When lava fountains are erupting in Halemaʻumaʻu, ground deformation instruments—tiltmeters, in particular—show deflation as magma that was stored in the volcano is erupted on the surface. In between lava fountaining episodes, those sensors show inflation as magma again accumulates beneath the surface and repressurizes the magma chambers. The amount of repressurization required for a new episode to start has ranged from 2–10 microradians, taking anywhere from a day to nearly two weeks. This range of repressurization is what informs HVO’s probability estimates for when a new episode most likely will begin. The rate of inflation can vary, though, which causes the probability window for the start of the next episode to be shifted in time.

While deformation shows us how magma is behaving underground between episodes, we also have data telling us that surface activity continues even while fountaining is paused. During episodes of lava fountaining, the rumblings of magma making its way out of the conduit produce an intense tremor signal seen on seismic stations across Kīlauea. The tremor rumbles at lower frequencies, caused by rapid expansion and contraction of magma within the vents. These continuous vibrations result from the formation and release of gas bubbles that drive the fountains high into the air.

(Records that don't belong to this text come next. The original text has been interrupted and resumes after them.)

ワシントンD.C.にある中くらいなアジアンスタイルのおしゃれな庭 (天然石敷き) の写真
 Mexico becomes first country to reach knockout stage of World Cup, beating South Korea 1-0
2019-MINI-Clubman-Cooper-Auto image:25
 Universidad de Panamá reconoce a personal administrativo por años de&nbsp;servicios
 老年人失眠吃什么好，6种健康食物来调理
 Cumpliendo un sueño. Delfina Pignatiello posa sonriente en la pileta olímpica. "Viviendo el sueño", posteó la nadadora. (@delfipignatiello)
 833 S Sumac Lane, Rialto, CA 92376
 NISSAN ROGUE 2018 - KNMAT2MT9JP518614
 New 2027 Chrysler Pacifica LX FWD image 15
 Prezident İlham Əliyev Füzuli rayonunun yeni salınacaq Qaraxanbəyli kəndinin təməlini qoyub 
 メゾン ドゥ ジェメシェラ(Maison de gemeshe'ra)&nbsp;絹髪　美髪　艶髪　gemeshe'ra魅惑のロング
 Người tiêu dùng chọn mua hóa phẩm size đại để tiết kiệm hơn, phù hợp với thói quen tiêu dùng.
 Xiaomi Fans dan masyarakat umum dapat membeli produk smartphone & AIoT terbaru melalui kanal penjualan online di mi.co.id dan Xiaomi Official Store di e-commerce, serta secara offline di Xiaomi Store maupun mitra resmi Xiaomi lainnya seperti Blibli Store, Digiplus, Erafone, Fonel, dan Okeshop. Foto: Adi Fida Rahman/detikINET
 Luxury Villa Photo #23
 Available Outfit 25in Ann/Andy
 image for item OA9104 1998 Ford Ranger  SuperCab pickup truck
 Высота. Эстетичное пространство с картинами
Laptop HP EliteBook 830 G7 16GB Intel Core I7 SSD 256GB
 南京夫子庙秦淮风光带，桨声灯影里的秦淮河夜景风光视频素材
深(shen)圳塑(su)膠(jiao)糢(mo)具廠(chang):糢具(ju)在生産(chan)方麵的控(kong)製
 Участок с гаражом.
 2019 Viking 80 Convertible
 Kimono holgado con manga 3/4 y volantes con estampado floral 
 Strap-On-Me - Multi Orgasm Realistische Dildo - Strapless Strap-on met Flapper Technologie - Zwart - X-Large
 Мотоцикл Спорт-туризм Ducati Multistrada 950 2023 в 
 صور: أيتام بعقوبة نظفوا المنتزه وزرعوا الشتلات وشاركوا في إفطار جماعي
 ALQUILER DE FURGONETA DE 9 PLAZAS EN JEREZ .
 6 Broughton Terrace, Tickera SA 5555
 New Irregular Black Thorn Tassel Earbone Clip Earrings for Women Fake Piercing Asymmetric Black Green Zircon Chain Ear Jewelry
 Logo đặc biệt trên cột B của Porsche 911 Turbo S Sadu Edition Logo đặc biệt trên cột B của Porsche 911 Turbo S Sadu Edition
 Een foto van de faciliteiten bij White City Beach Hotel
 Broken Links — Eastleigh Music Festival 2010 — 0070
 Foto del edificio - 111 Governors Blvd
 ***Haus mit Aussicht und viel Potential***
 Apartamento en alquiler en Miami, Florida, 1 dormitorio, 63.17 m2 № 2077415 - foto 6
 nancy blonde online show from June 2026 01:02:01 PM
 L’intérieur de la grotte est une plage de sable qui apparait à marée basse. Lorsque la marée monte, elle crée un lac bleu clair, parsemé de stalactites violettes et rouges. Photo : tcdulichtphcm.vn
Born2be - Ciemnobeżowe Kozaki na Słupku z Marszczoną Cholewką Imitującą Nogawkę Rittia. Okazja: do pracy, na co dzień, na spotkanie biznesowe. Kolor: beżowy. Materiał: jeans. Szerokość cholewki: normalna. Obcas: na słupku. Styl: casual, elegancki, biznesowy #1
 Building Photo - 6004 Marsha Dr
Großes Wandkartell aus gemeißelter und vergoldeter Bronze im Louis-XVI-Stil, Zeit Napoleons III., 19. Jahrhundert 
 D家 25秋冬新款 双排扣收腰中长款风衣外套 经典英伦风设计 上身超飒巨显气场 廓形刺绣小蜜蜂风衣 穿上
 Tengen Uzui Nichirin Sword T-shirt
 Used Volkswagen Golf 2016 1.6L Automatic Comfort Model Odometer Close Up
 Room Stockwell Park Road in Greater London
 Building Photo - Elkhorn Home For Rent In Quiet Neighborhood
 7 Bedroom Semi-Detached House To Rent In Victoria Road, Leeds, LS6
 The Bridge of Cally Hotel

Lava fountains captured by a USGS webcam

Yet even between eruptive episodes, tremor has remained present. The intensity drops significantly between episodes but continues to exist until the next episode. This indicates that gas is continuing to be released by the vents and magma continues to stir near surface even when lava is not visibly erupting. As the weak tremor churns in the background, other seismic signals are also observable. Low frequency signals that range in size are seen on the seismic network around the summit area and suggest complex patterns of magma migration, bubble formation, and transport within the volcano.

The observation of continuing tremor between episodes is corroborated by volcanic gas measurements and persisting glow at the vents. When an episode of lava fountaining is occurring, sulfur dioxide (SO2) emission rates are highly elevated, in the range of 10,000 tonnes per day (t/d). Even when lava is not actively fountaining, SO2 emission rates have remained moderately elevated, in the range of 1,000 t/d. If Kīlauea were truly quiet, we would expect only about 100 t/d of SO2. Likewise, in between eruptive episodes, glow remains visible at night at the north, and sometimes south, vent. This incandescence is another clue that magma is just beneath the surface, continuing to gurgle, glow, and degas.

New episodes of lava fountaining have been brief and impressive, but the build up to them is an exciting glimpse into how Kīlauea volcano works. If you happen to visit Kīlauea in between Halemaʻumaʻu lava fountaining episodes, know that the degassing and glow are evidence of the continuous activity that is happening, hidden just beneath the surface.